There has been no significant change in the registrant’s internal control over financial reporting that occurred during the registrant’s most recent fiscal quarter of the period covered by this report that has materially affected, or is likely to materially affect, the registrant’s internal control over financial reporting.

Item 12 – Controls and Procedures - Disclosure of Securities Lending Activities for Closed-End Management Investment Companies – Not applicable.

Item 13 – Exhibits

 

  (a)

(1) Code of Ethics – Attached hereto as Exhibit EX-99.CODE-ETH.

(2) Certifications pursuant to Section  302 of the Sarbanes-Oxley Act – Attached hereto as Exhibit EX-99.CERT.

(3) Any written solicitation to purchase securities under Rule 23c-1 – Not applicable.

 

  (b)

Certifications pursuant to Section  906 of the Sarbanes-Oxley Act – Attached hereto as Exhibit EX-99.906CERT.


SIGNATURES

Pursuant to the requirements of the Securities Exchange Act of 1934 and the Investment Company Act of 1940, the registrant has duly caused this report to be signed on its behalf by the undersigned, thereunto duly authorized.

 

Registrant:

 

Prudential Investment Portfolios 3

By:

 

/s/ Andrew R. French

 

Andrew R. French

 

Secretary

Date:

 

December 17, 2021

Pursuant to the requirements of the Securities Exchange Act of 1934 and the Investment Company Act of 1940, this report has been signed below by the following persons on behalf of the registrant and in the capacities and on the dates indicated.

 

By:

 

/s/ Stuart S. Parker

 

Stuart S. Parker

  President and Principal Executive Officer

Date:

 

December 17, 2021

By:

 

/s/ Christian J. Kelly

 

Christian J. Kelly

  Treasurer and Principal Financial and Accounting Officer

Date:

 

December 17, 2021

CODE OF ETHICS FOR PRINCIPAL EXECUTIVE AND

PRINCIPAL FINANCIAL OFFICERS

 

I.

Covered Officers/Purpose of the Code

This code of ethics (the “Code”) is established for the funds listed on Attachment A hereto (each a Fund” and together the “Funds”) pursuant to Section 406 of the Sarbanes-Oxley Act and the rules adopted thereunder by the Securities and Exchange Commission (“SEC”). The Code applies to each Fund’s Principal Executive Officer, Principal Financial Officer and Principal Accounting Officer or Controller, or senior officers performing similar functions (the “Covered Officers” each of whom are set forth in Exhibit B) for the purpose of promoting:

 

   

honest and ethical conduct, including the ethical handling of actual or apparent conflicts of interest between personal and professional relationships;

 

   

full, fair, accurate, timely and understandable disclosure in reports and documents that a registrant files with, or submits to, the SEC and in other public communications made by a Fund;

 

   

compliance with applicable governmental laws, rules and regulations;

 

   

the prompt internal reporting of violations of the Code to an appropriate person or persons identified in the Code; and

 

   

accountability for adherence to the Code.
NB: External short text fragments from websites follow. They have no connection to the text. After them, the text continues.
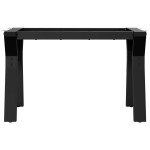 vidaXL Picioare Măsuță de cafea Y-Frame 60x40x38 cm Oţel vidaXL Picioare Măsuță de cafea Y-Frame 60x40x38 cm Oţel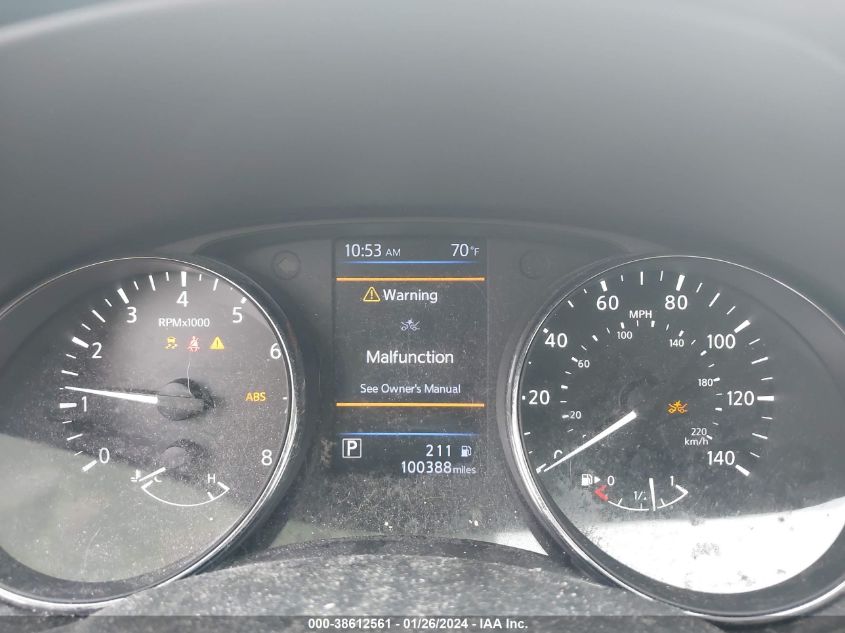2018 NISSAN ROGUE S/SL - 5N1AT2MT8JC809687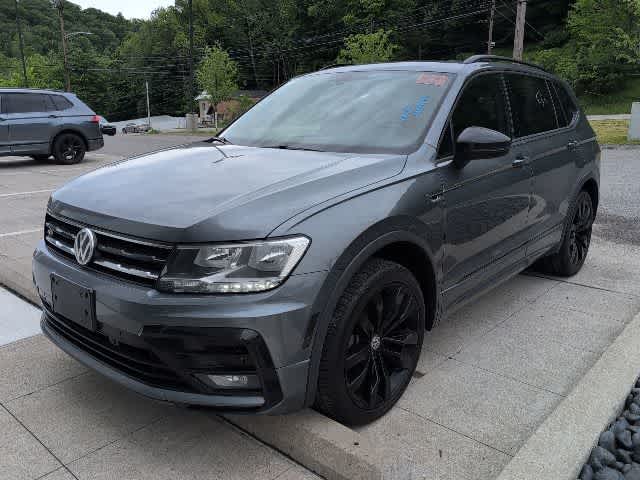 2021 Volkswagen Tiguan 2.0T SE R-Line Black 4WD's photo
Each Covered Officer should adhere to a high standard of business ethics and should be sensitive to situations that may give rise to actual as well as apparent conflicts of interest.

 

II.

Conflicts of Interest

A “conflict of interest” occurs when a Covered Officer’s private interest interferes with the interests of, or his service to, a Fund. For example, a conflict of interest would arise if a Covered Officer, or a member of his family, receives improper personal benefits as a result of his position with a Fund.

Certain conflicts of interest arise out of the relationships between Covered Officers and a Fund and already are subject to conflict of interest provisions in the Investment Company Act of 1940, as amended (the “1940 Act”) and the Investment Advisers Act of 1940, as amended (the “Advisers Act”). For example, Covered Officers may not individually engage in certain transactions (such as the purchase or sale of securities or other property) with a Fund because of their status as “affiliated persons” of the Fund. A Fund’s and its investment adviser’s compliance programs and procedures are designed to prevent, or identify and correct, violations of these provisions. This Code does not, and is not intended to, repeat or replace these programs and procedures, and such conflicts fall outside of the parameters of this Code.

Although typically not presenting an opportunity for improper personal benefit, conflicts arise from, or as a result of, the contractual relationships between a Fund and the Fund’s investment adviser, principal underwriter, administrator, or other service providers to the Fund (together “Service Providers”), of which the Covered Officers may also be principals or employees. As a result, this Code recognizes that the Covered Officers will, in the normal course of their duties (whether formally for a Fund or for a Service Provider, or for both), be involved in establishing policies and implementing decisions that will have different effects on such Service Providers and a Fund. The participation of the Covered Officers in such activities is inherent in the contractual relationships between a Fund and its Service Providers and is consistent with the performance by the Covered Officers of their duties as officers of the Fund. Thus, if performed in conformity with the provisions of the 1940 Act and the Advisers Act, such activities will be deemed to have been handled ethically. In addition, it is recognized by the Funds’ Board of Directors/Trustees (“Boards”) that the Covered Officers may also be officers or employees of one or more other investment companies covered by this or other codes.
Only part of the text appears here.